Supplied material -
[Start of Attachment]
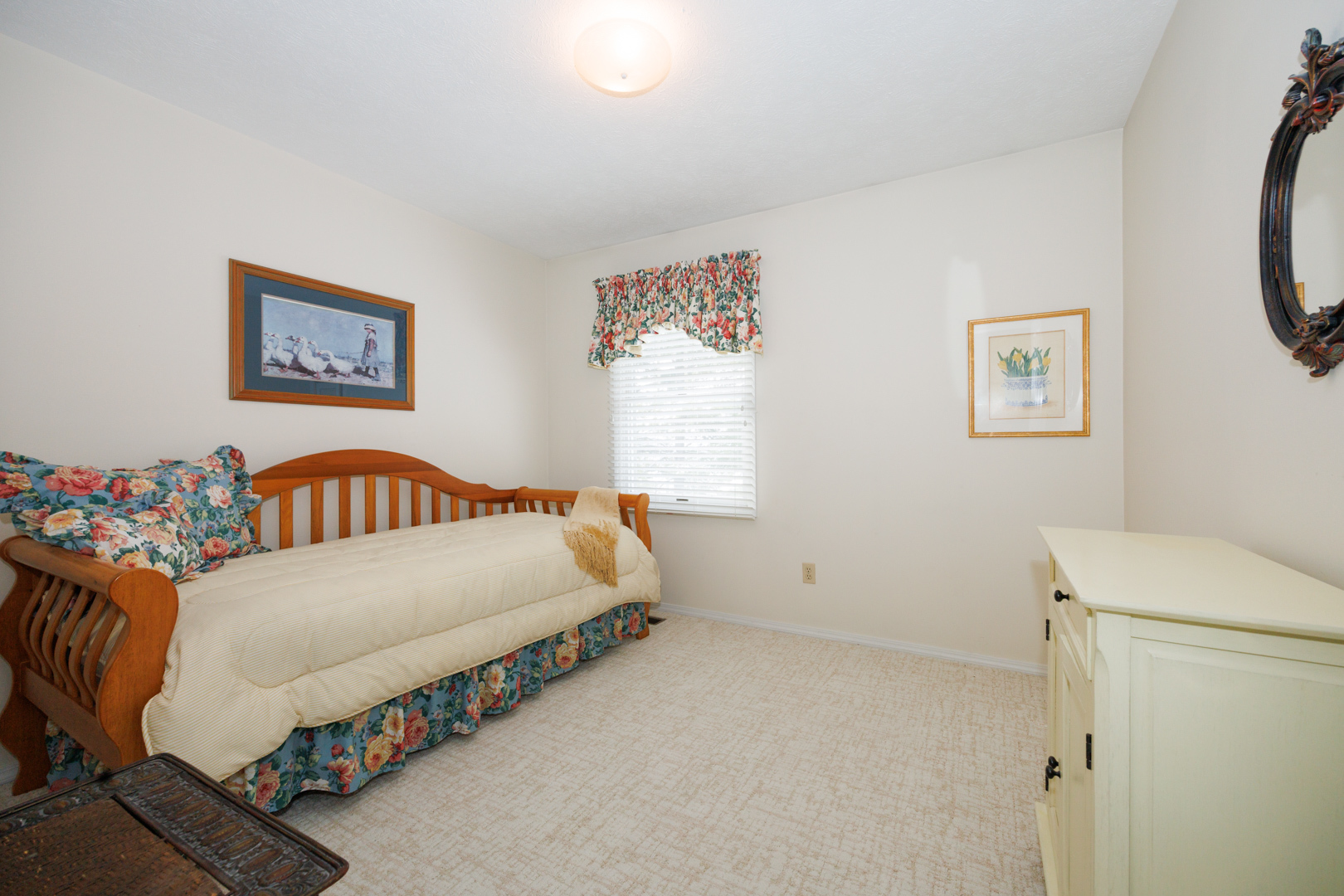 17 Downing Circle, Bloomington, IL 61704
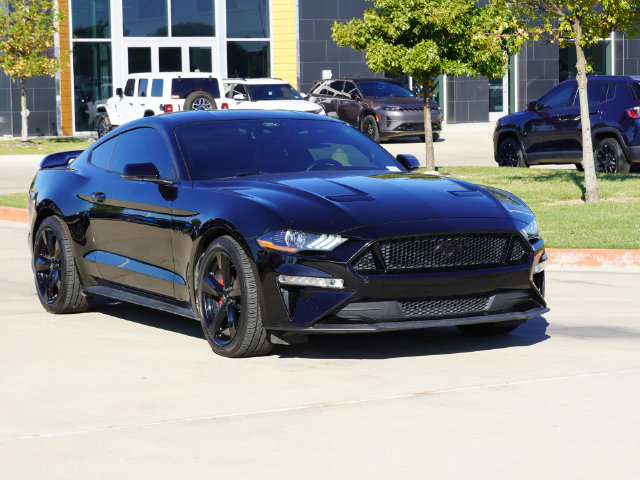 Used 2022 Ford Mustang GT Premium w/ Equipment Group 401A RWD image 8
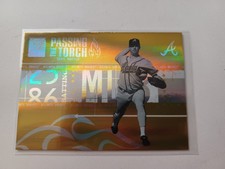 2005 Donruss Elite Passing The Torch Gold #PT-15 Greg Maddux #061/100 Braves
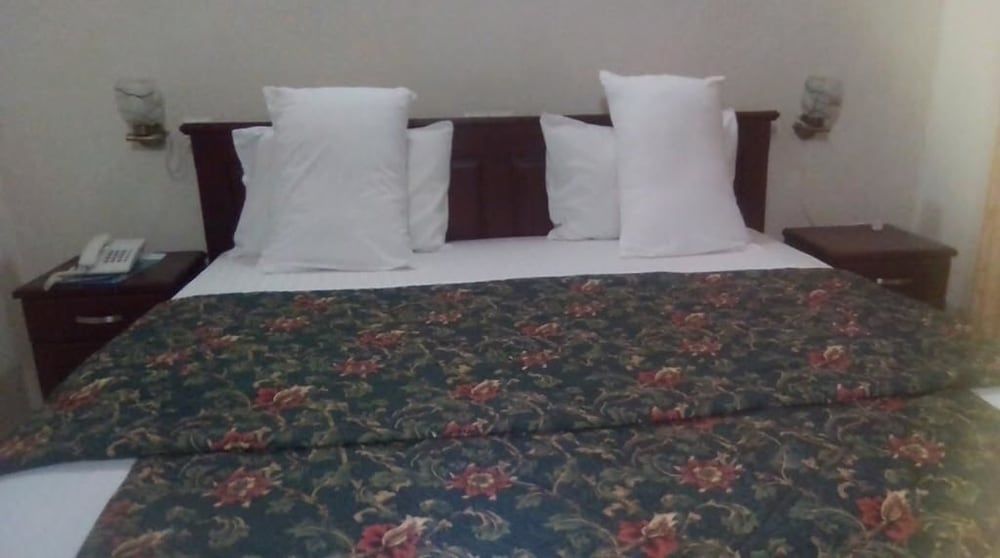 Lou Ralph Hotel 2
[End of Attachment]
Directions for this task - Print the lines from the one that contains "2005 Donruss Elite" through the final line of the material above, exactly and only those, with pictures left out.

Worked solution -
 2005 Donruss Elite Passing The Torch Gold #PT-15 Greg Maddux #061/100 Braves
 Lou Ralph Hotel 2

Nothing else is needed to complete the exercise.